A documentary from Unthinkable Films has been accepted into three Washington State film festivals.
A man wearing a blue sleeveless shirt with his hand on his head looks at a maple tree in a forest.

 

 

The first screening will be at the Tacoma Film Festival, then at the Poulsbo Film Festival, and then at the Society for Visual Anthropology Film & Media Festival in Seattle.

The Maple Cutter, an Unthinkable Films project led by filmmakers Lynn M. Thomas (History), Danny Hoffman (JSIS and CHID), and Michael Sanderson, has been accepted into three Washington State film festivals! Unthinkable Films is a project that was sponsored by the Simpson Center for the Humanities during the 2021-2022 academic year.
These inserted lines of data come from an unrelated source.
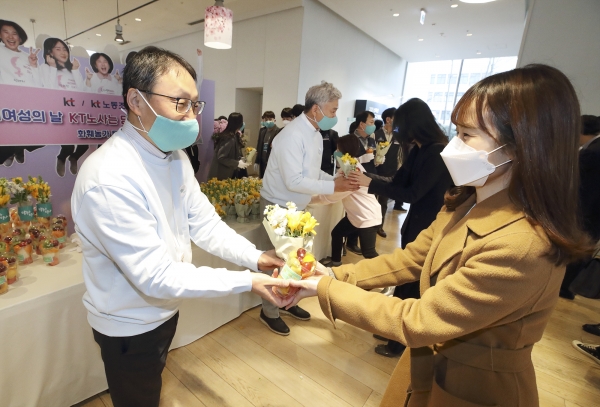 (사진 왼쪽부터)KT 구현모 대표와 최장복 노조위원장이 광화문에 위치한 KT 이스트 사옥에서 여성 임직원에게 꽃을 나눠주고 있다.  (사진=KT 제공)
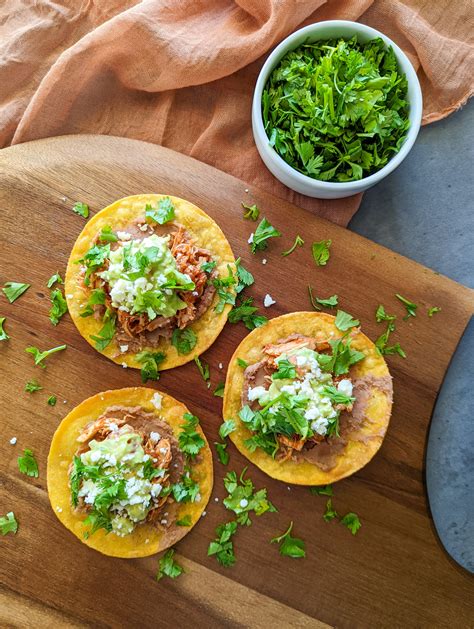 How does Chicken Tinga Tostadas fit into your Daily Goals - calories, carbs, nutrition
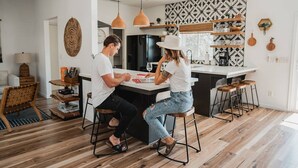Una cucina moderna con isola centrale, illuminazione a sospensione e backsplash decorato.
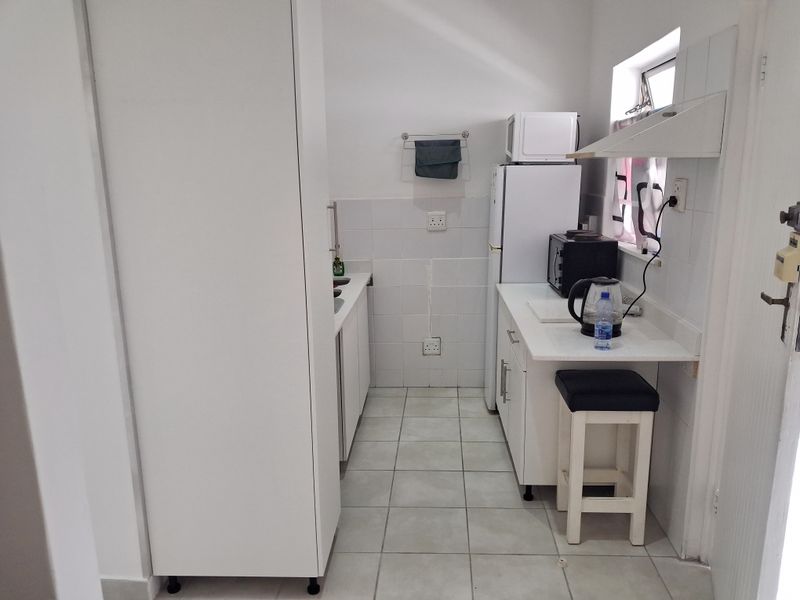 Compact kitchen featuring white cabinetry, tiled splashbacks, and tiled flooring, providing a functional and clean workspace.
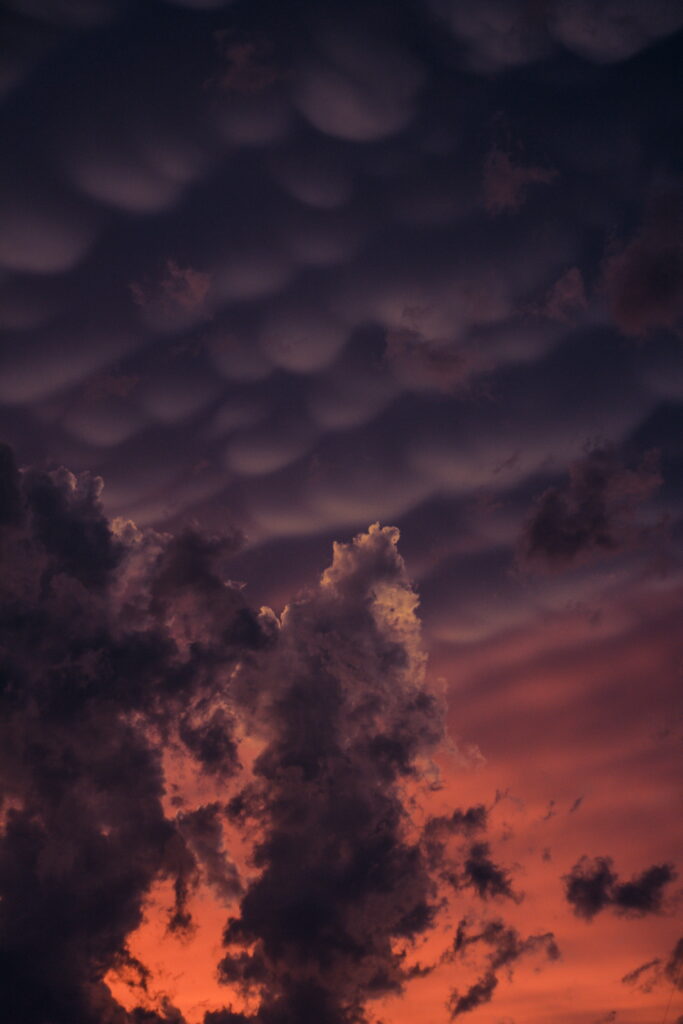 Dramatic Night Sky HD Wallpaper: Dark Clouds & Warm Orange Glow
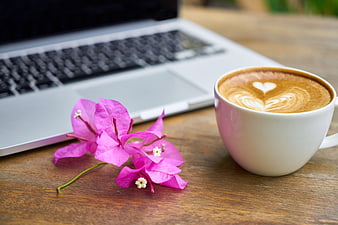 Latte with heart art and pink flowers beside laptop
The first screening is at the Tacoma Film Festival on Sunday, October 9 at 3:45 pm. The film will be paired with The Sentinels, an observational documentary about a group of environmental activists undertaking a tree-sitting campaign in Northern California to stop the logging of redwoods. A Q&A will follow with both sets of filmmakers and Justin Wilke, the protagonist from The Maple Cutter.

The following Sunday, October 16 from 3:40 pm to 5:30 pm, The Maple Cutter screens as part of a block of documentary shorts at the Poulsbo Film Festival.

The third screening happens at the 2022 Society for Visual Anthropology Film & Media Festival, held in conjunction with the American Anthropological Association (AAA) annual meeting. This festival is in Seattle from November 9 to 13.

The Maple Cutter is a documentary film about the 2018 Maple Fire that burned more than 3,000 acres of Washington State’s Olympic National Forest. Federal prosecutors alleged that a local man, Justin Wilke, started the blaze while removing a beehive at the base of a tree he planned to steal. Justin, prosecutors claimed, is a tree poacher. 

The Maple Cutter is about Justin’s complex relationship with the woods and the equally complex way that Justin explains that relationship to the world and to himself. Justin’s is a story of addiction, nostalgia, nature, and work in rural America. It is also a story about how people love and live through forests today.